# Survival > Primitive Skills & Technology >  Throwing Sticks

## Foxman

Does anybody ever hunt with throwing sticks anymore? Not boomeranges or spears. Good old throwing sticks like the one in this picture http://www.hawaiiancollectibles.com/.../GameStick.jpg Mine is about 3' long and almost 3 pounds. I can hit an object from up to 15 feet away with enough accuracy and force to probably be able to kill a small animal. But I'm not trying it until I can do so well that I know I can kill at least a rabbit from 20 yards. I remember on Man vs. Wild, Bear Grylls making a throwing stick, and he talked about the Hopi using this weapon for hunting for many many years.

----------


## Sam

> Does anybody ever hunt with throwing sticks anymore? Not boomeranges or spears. Good old throwing sticks like the one in this picture http://www.hawaiiancollectibles.com/.../GameStick.jpg Mine is about 3' long and almost 3 pounds. I can hit an object from up to 15 feet away with enough accuracy and force to probably be able to kill a small animal. But I'm not trying it until I can do so well that I know I can kill at least a rabbit from 20 yards. I remember on Man vs. Wild, Bear Grylls making a throwing stick, and he talked about the Hopi using this weapon for hunting for many many years.
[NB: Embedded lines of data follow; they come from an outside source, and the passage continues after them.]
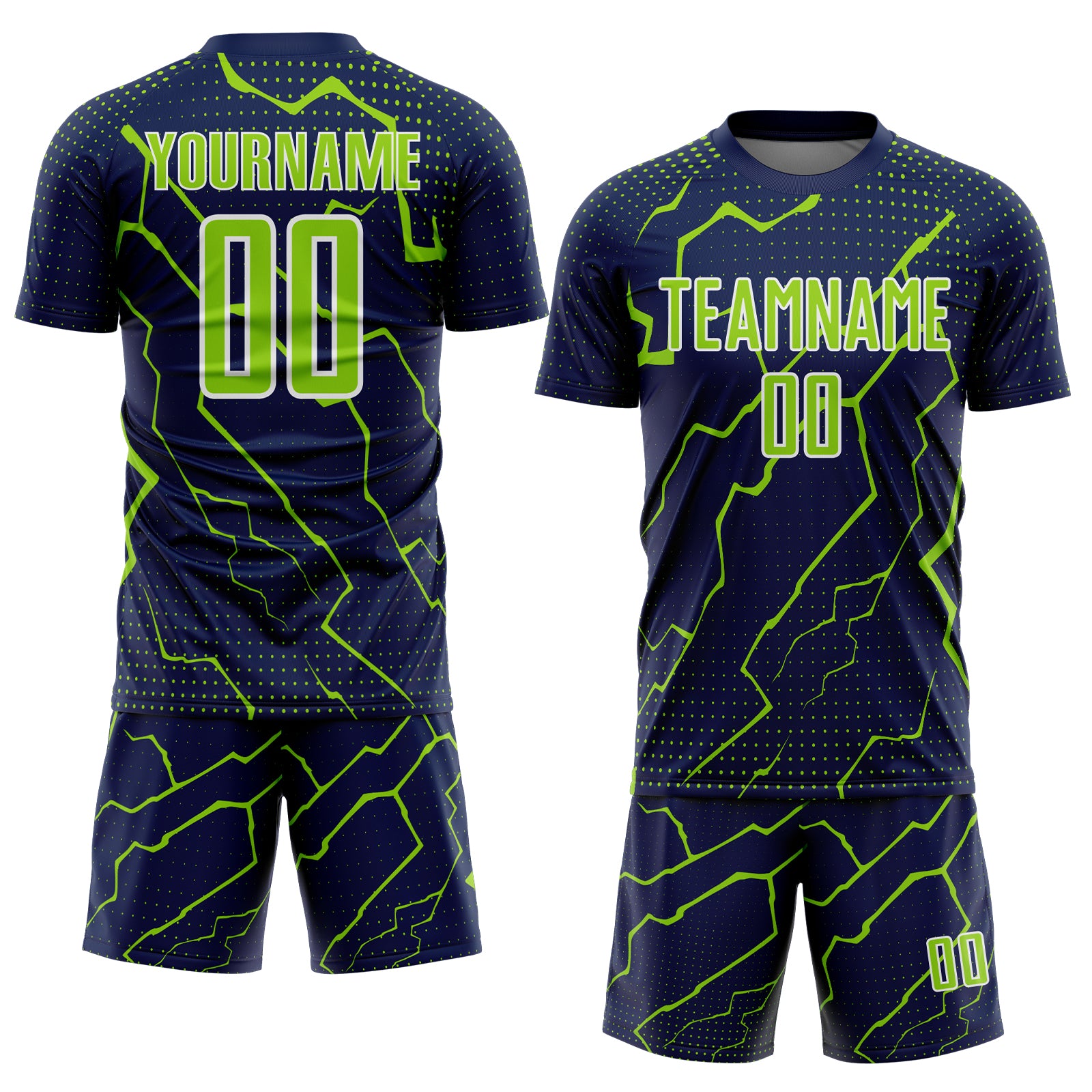 Custom Navy Neon Green-White Lightning Sports Sublimation Soccer Uniform Jersey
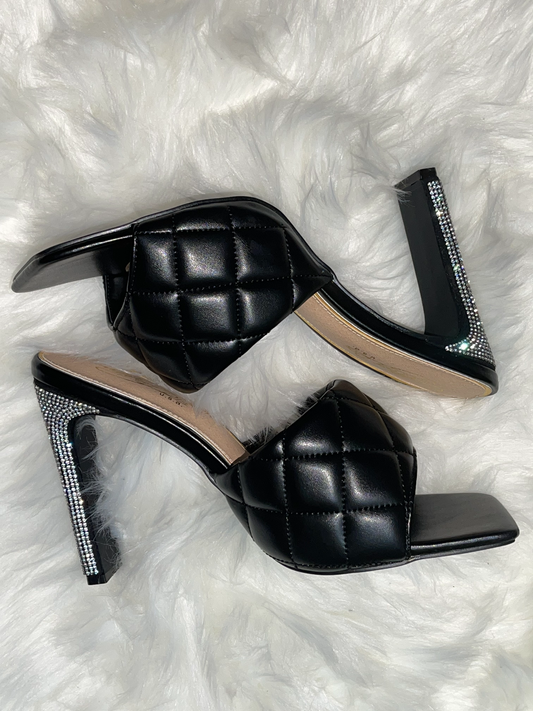 Black Quilted Stoned Heel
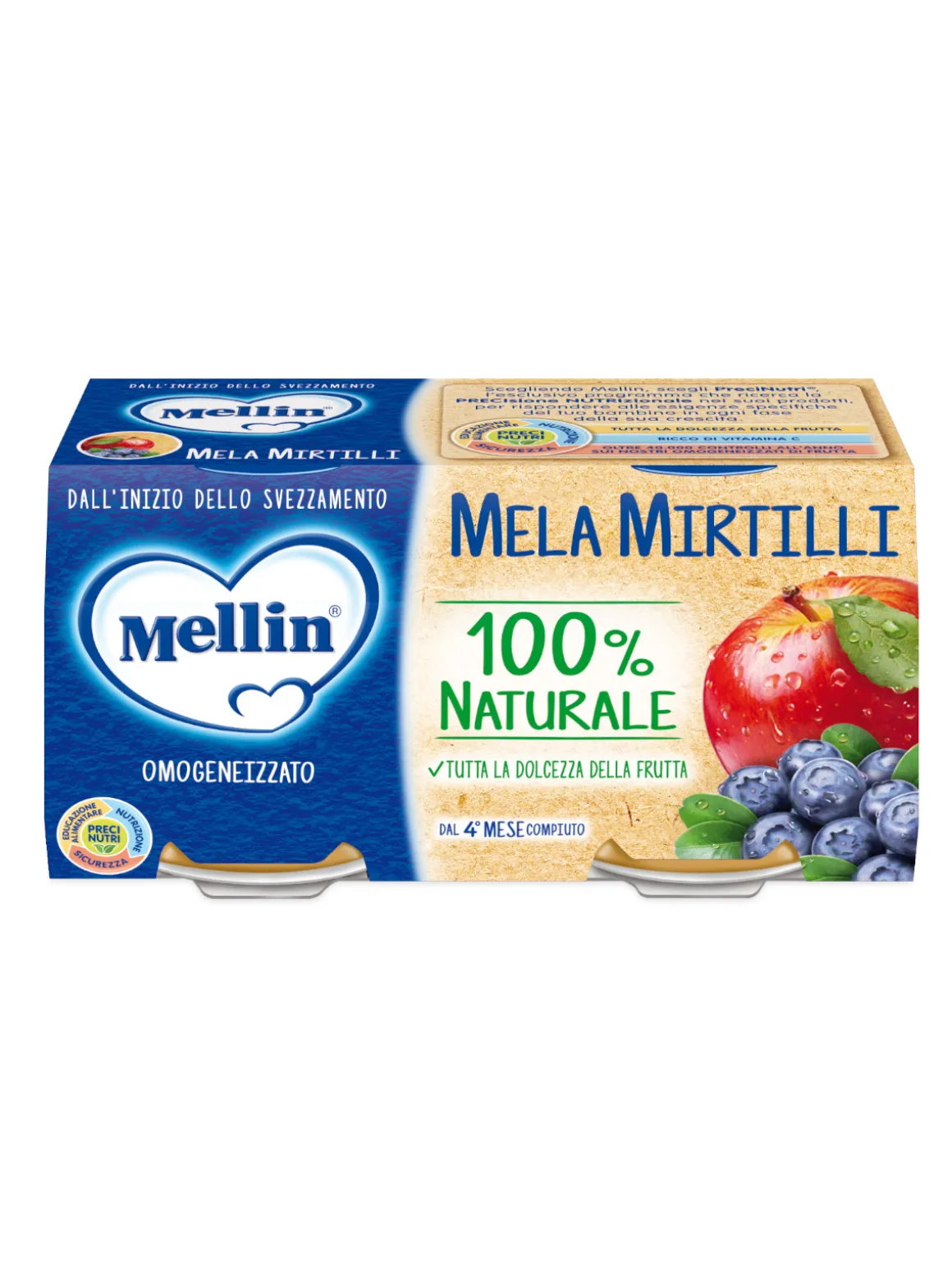 Mellin omogeneizzato mela mirtillo 2×100 gr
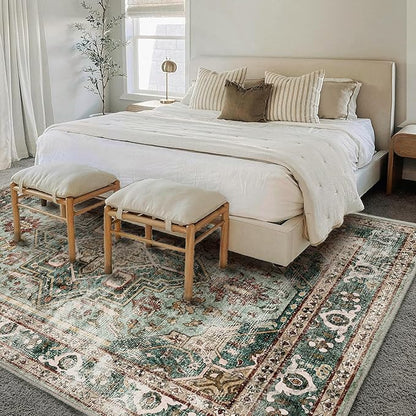 6'x9' Green Washable Area Rug Boho Chic Medallion Distressed Design Non-Shedding Easy Care Ideal for High Traffic Areas in Living Room Bedroom Office Kitchen Coffee Table Large Carpet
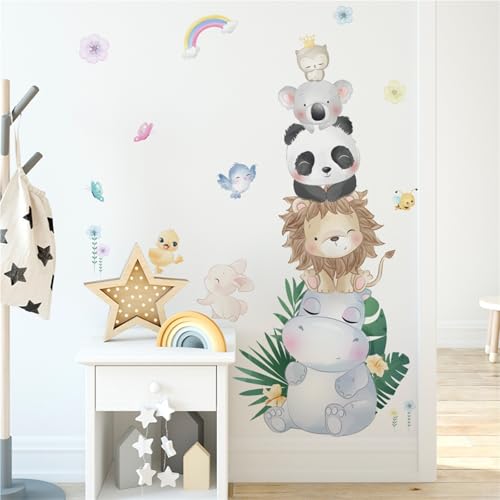 GBZHMCASE Niedliche Tiere Home Dekorative Wandaufkleber Kinderzimmer Kindergarten Selbstklebende Tapete(D) von GBZHMCASE
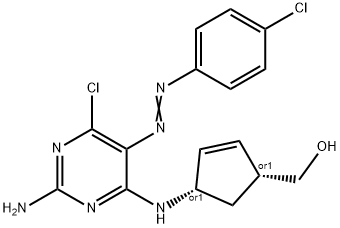 (1R,4S)-rel-4-[[2-AMino-6-chloro-5-[(4-chlorophenyl)azo]-4-pyriMidinyl]aMino]-2-cyclopentene-1-Methanol, 122624-75-3, 结构式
 What about the sling, it was good enough for David? I think if the stick works for you it works for me.
-Sam

----------


## Foxman

Oh yeah. There are a crapload of throwing weapons that you could use. My personal favorite though is the throwing stick. This catagory page on wikipedia has a good number of different weapons, and i'm sure if you typed one of them in your browswer you'd get instructions on how to get, make, and/or use them. http://en.wikipedia.org/wiki/Category:Throwing_weapons my favorite non-lethal weapon on there is the Bolas. Those look like a heckload of fun :]

----------


## Sam

> Oh yeah. There are a crapload of throwing weapons that you could use. My personal favorite though is the throwing stick. This catagory page on wikipedia has a good number of different weapons, and i'm sure if you typed one of them in your browswer you'd get instructions on how to get, make, and/or use them. http://en.wikipedia.org/wiki/Category:Throwing_weapons my favorite non-lethal weapon on there is the Bolas. Those look like a heckload of fun :]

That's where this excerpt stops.